The answer is to be the data that follows, transcribed exactly, minus its pictures.

--- Data for processing ---

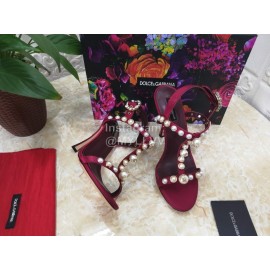 Dolce Gabbana Fashion Pearl Sheepskin High Heels Sandals For Women Wine Red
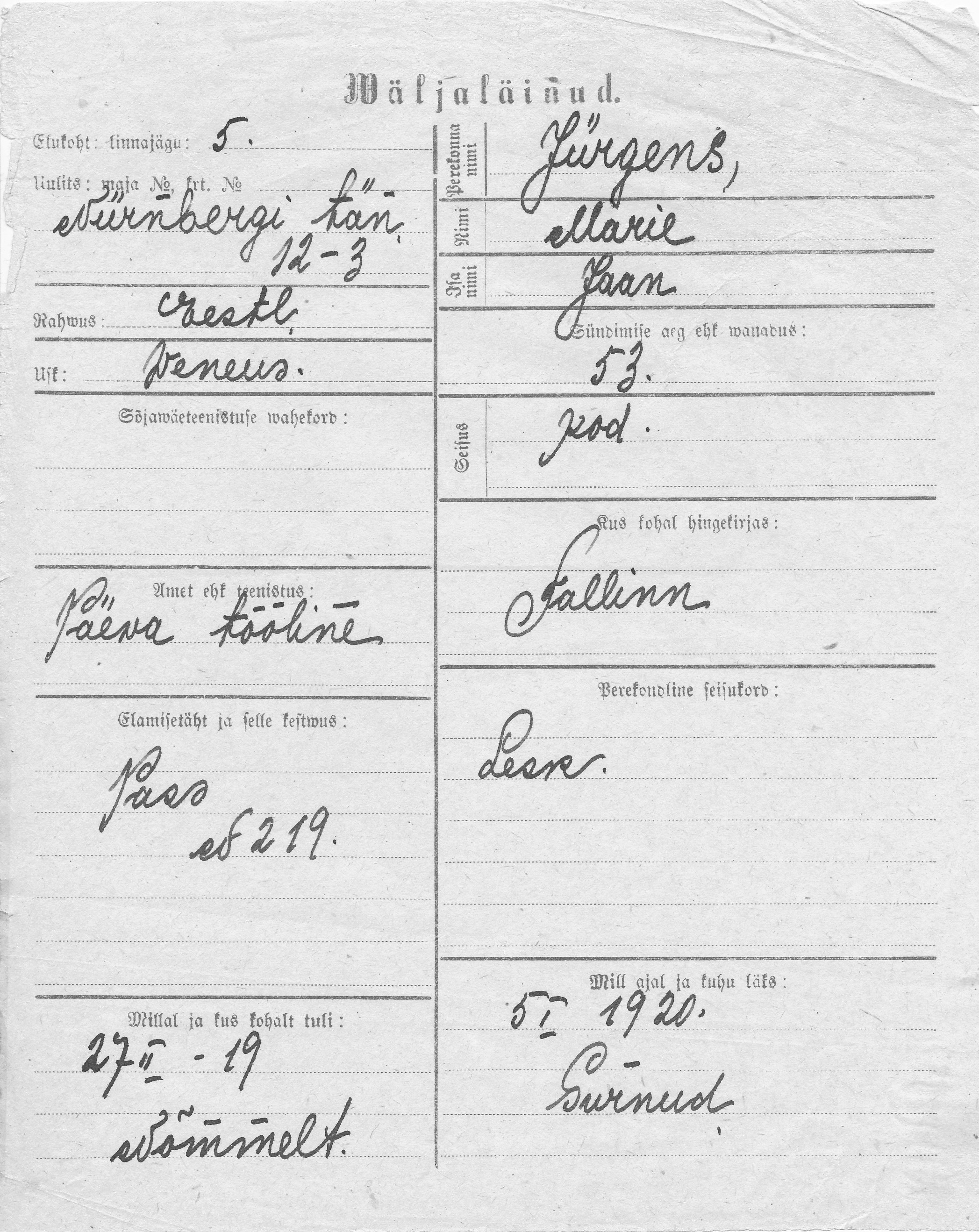 Jürgens, Marie, Jaan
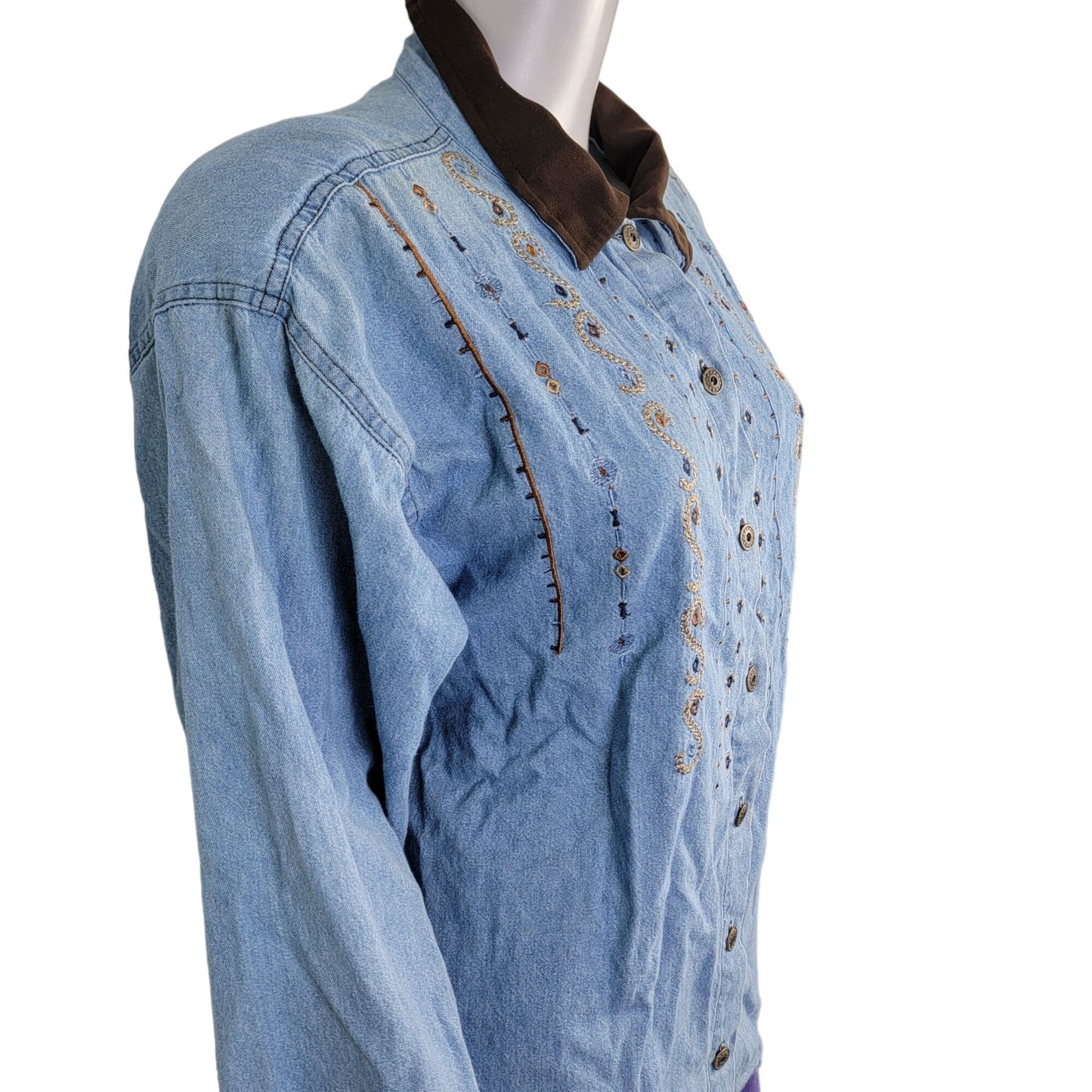 Vintage 90s Embroidered Denim Shirt Women Large
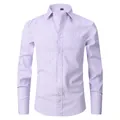 Professional men's light purple micro-check cotton long-sleeve dress shirt with chest pocket - 3XL / Tops / Light Purple Micro Check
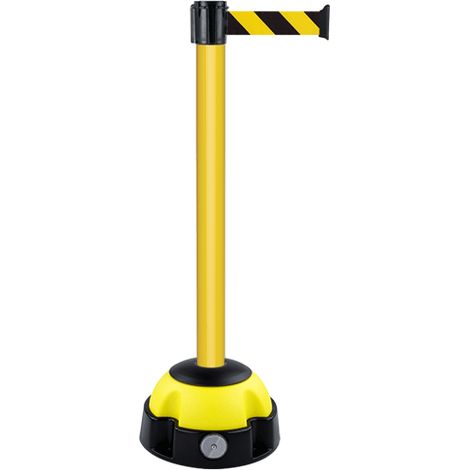 Poteau Alu Jaune laqué à sangle Jaune/Noir hachuré 5m x 50mm sur socle Balise - 2052191 (1/2)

---

> Written solution
 Dolce Gabbana Fashion Pearl Sheepskin High Heels Sandals For Women Wine Red
 Jürgens, Marie, Jaan
 Vintage 90s Embroidered Denim Shirt Women Large
 Professional men's light purple micro-check cotton long-sleeve dress shirt with chest pocket - 3XL / Tops / Light Purple Micro Check
 Poteau Alu Jaune laqué à sangle Jaune/Noir hachuré 5m x 50mm sur socle Balise - 2052191 (1/2)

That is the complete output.